To this day, those Jews who believe the biblical accounting of time to be literal still accept Rabbi Yossi’s calculation, dating Creation to the year 3761 B.C.E. Others claim that the date is figurative, symbolic, or holds esoteric meaning. In calculating BeHaRD, Rabbi Yossi tried to justify disparate accountings from the following sources: the chronologies of Samuel, Kings, and Chronicles; those of the Second Temple kingdoms, in rabbinic histories passed down to the Talmud and found in the Babylonian Talmud, Avodah Zarah 9a and 10a; and the prophecies of Jeremiah and Daniel.

Some academics compare the Genesis accounting of dates with those of the Greeks, Chaldeans (including the Babylonians), Egyptians, and Hindus. The Chaldeans, Egyptians, and Hindus used enormous figures, into the millions of years, to explain the timeframe of Creation. The ancient Hebrews and Greeks seemed unwilling to deal in such large numbers. Both peoples ascribed Creation to a date closer to their own times. This may indicate either a political agenda (consciously or subconsciously communicating a cultural chauvinism) or may simply be a simplification for the purpose of clarity.

It is possible that there is a direct correlation between the seven days of Creation mentioned in Genesis and a specific Babylonian system, which would suggest that each Genesis “day” represents a specific number of solar years.

Establishment of the Mundane Era

The Seleucid and Mundane Eras coexisted for numerous centuries. Most often, Rav Sherira Gaon — the last Gaon, the head of the academies in Babylonia in the centuries following the editing of the Talmud — is given the credit for suggesting the use of BeHaRD as the basis for a chronological system, in the 10th century C.E.
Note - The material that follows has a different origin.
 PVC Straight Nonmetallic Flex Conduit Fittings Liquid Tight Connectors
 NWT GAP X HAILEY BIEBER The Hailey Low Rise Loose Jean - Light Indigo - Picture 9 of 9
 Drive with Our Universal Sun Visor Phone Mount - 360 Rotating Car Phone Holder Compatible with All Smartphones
Maimonides (1135-1204 C.E.) at times used multiple eras, giving a date first according to the years following the destruction of the Second Temple, then according to the Seleucid Era, and finally according to the Mundane Era. This suggests that no single system had achieved universal acceptance by the 13th century.

The Seleucid Era continued to be used in parts of the Arab world until quite late. Among Egyptian Jewry, it was the dominant system used until Rabbi David ibn Abi Zimra discontinued its use in the 16th century C.E.; in parts of the Arabian Peninsula, it was used alongside the Mundane Era as late as the 19th century.